The SQB PDF proposed terms for HASSET included survey methods terms. These and other non-thesaurus terms that the Archive inherited from the original Qb questionnaires, processed pre-2007 by the Qb team at the University of Surrey, became ‘stop words’. The Archive inherited this organized collection of survey documentation and enriched associated materials in PDF format. It is a format in which the documentation is deposited and, as mentioned above, the PDF ‘keyword field’ limits the number of terms that can be entered which artificially reduced the number of keywords chosen. The selected keywords need to be comparatively specific in this corpus to allow both the retrieval of the document itself and particular questions together with information about innovative survey methodology.

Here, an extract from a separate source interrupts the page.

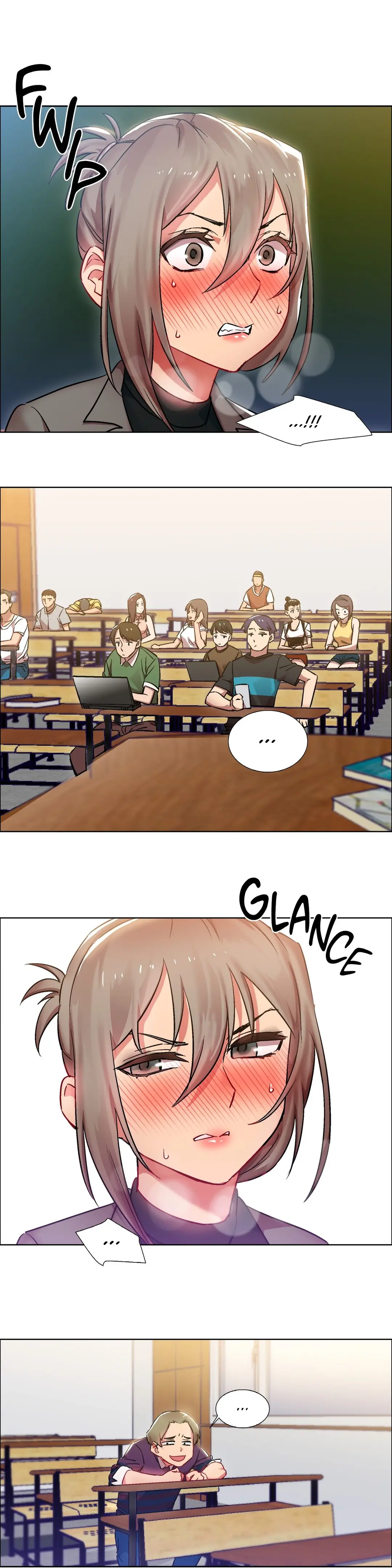 Rental Girls - Chapter 14 - picture 4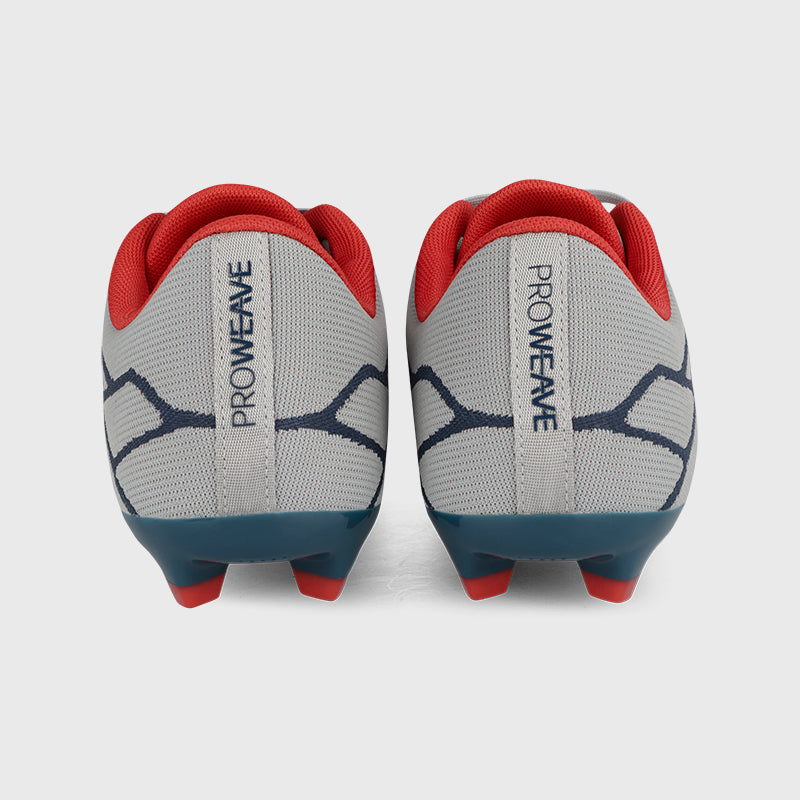 Umbro Mens Velocita Alchemist Premier Fg Football Boot Grey/Blue _ 172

The documentation includes questionnaires, interview instructions, letters, consent forms, interviewer observations, nurse schedules, technical reports and user guides. For the larger surveys a number of questionnaires may have been administered, each of which is indexed. In these cases more specific additional terms may have been required than were in the study list of keywords. In our example of the British Gambling Prevalence Survey, 2010, however, there was only one questionnaire so most of the original gold standard keywords provided by the catalogue record could be used for the SQB PDF document. In the ESDS/UK Data Service Catalogue Record Corpus 14 top terms were used for the study British Gambling Prevalence Survey, 2010, while the SQB PDF corpora used only 2 top terms, which included GAMBLING (the topic of the survey) and EMOTIONAL STATES (a very small hierarchy), reflecting the need for the catalogue record keywords to be broader in scope than the keywords required for particular items of survey documentation.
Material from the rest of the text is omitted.